### Work order
All lines from the one containing "Boxy top with" through the end of the material are to be given back exactly, without pictures.

### Data excerpt
..........
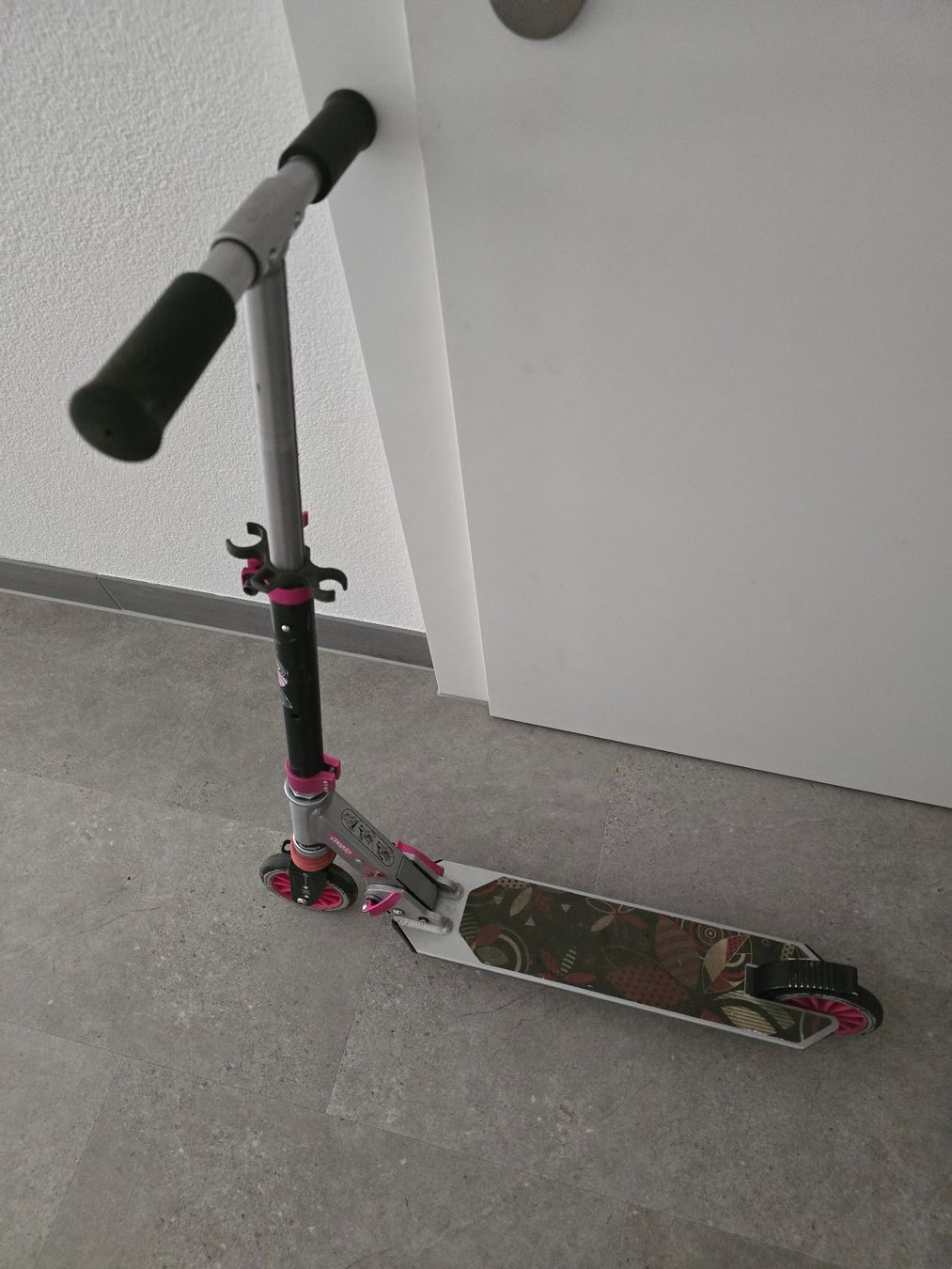 Oxelo Kickboard: Trottinet Oxelo – Usato da Bern venduto da Eshco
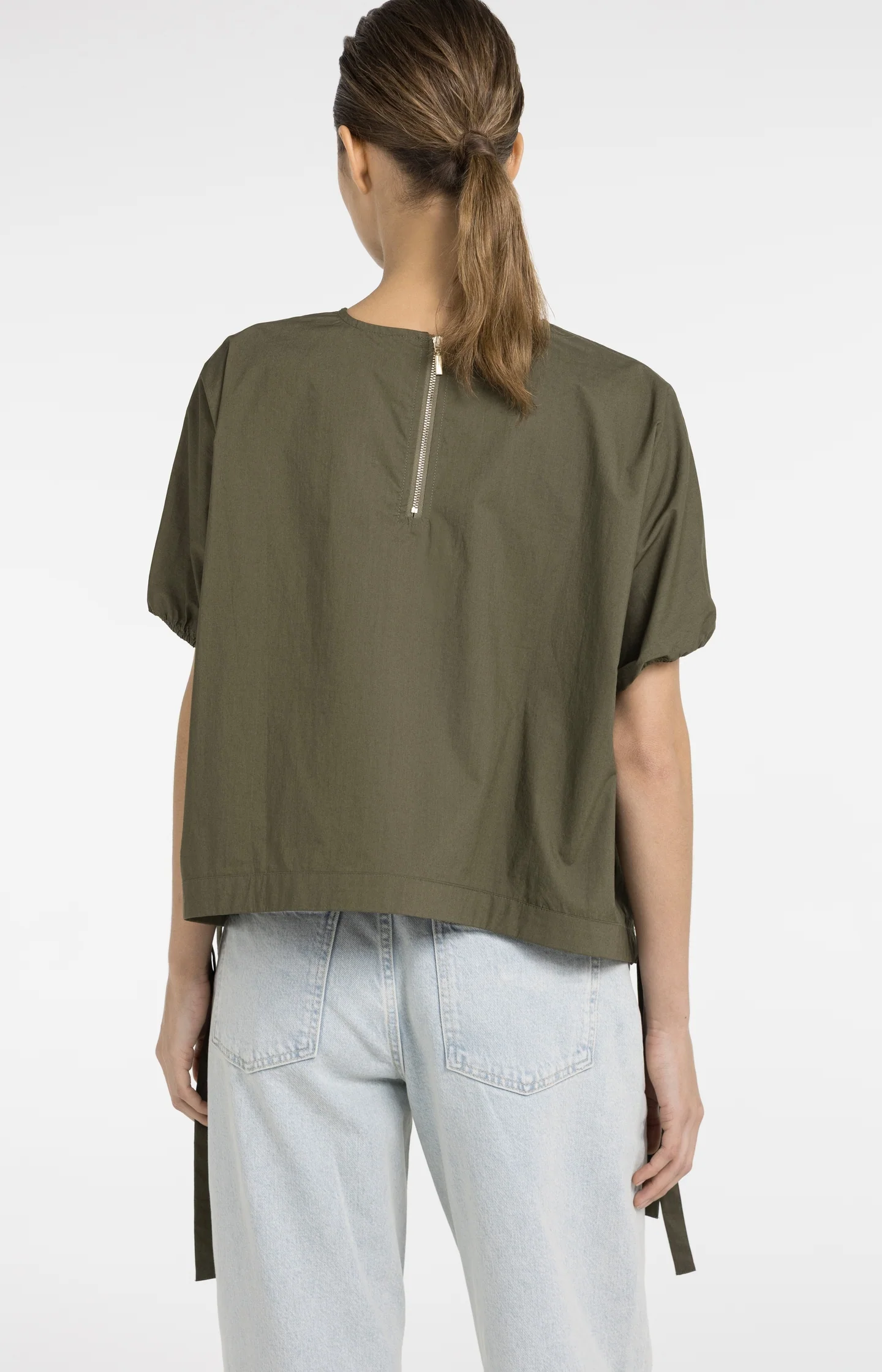 Boxy top with adjustable waist and puff sleeves - Image 4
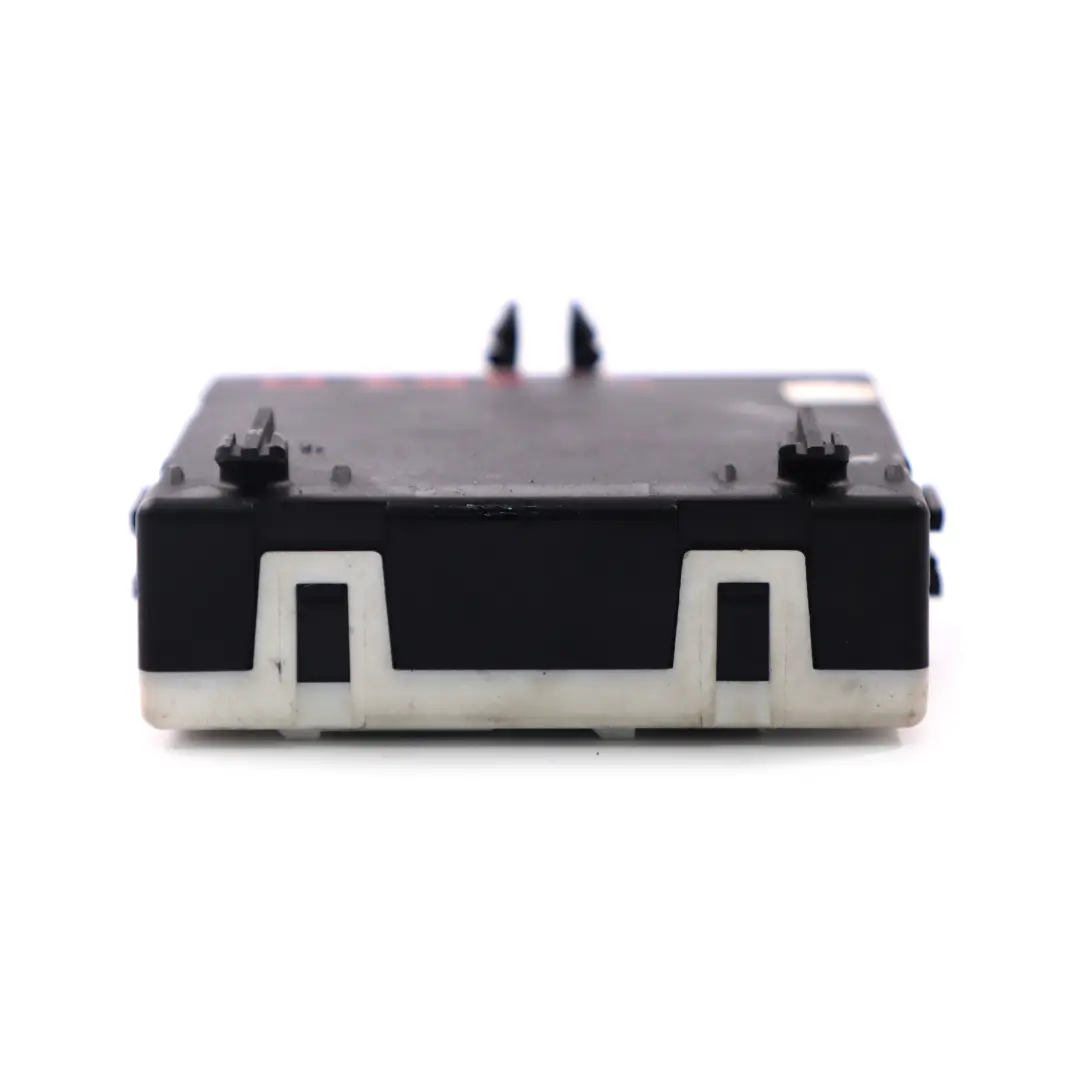 Module de commande de la porte avant gauche pour Mercedes W205 à propos du numéro de pièce A2059005713 Mercedes W205 Module de commande de la porte avant gauche - SKU A2059005713 - Numéro de pièce A2059005713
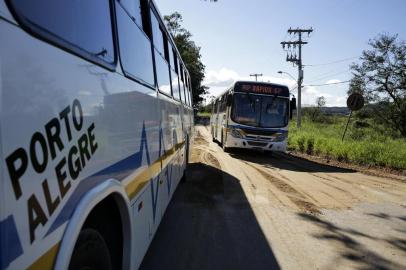  PORTO ALEGRE, RS, BRASIL, 29-04-2019: Ônibus circulam pela estrada Cantagalo, no extremo sul de Porto Alegre. Decreto da prefeitura permite que empresas desliguem o ar condicionado dos ônibus em estradas sem asfalto. Resta circular com as janelas abertas. (Foto: Mateus Bruxel / Agência RBS)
..........
### Response to the task
 Boxy top with adjustable waist and puff sleeves - Image 4
 Module de commande de la porte avant gauche pour Mercedes W205 à propos du numéro de pièce A2059005713 Mercedes W205 Module de commande de la porte avant gauche - SKU A2059005713 - Numéro de pièce A2059005713
  PORTO ALEGRE, RS, BRASIL, 29-04-2019: Ônibus circulam pela estrada Cantagalo, no extremo sul de Porto Alegre. Decreto da prefeitura permite que empresas desliguem o ar condicionado dos ônibus em estradas sem asfalto. Resta circular com as janelas abertas. (Foto: Mateus Bruxel / Agência RBS)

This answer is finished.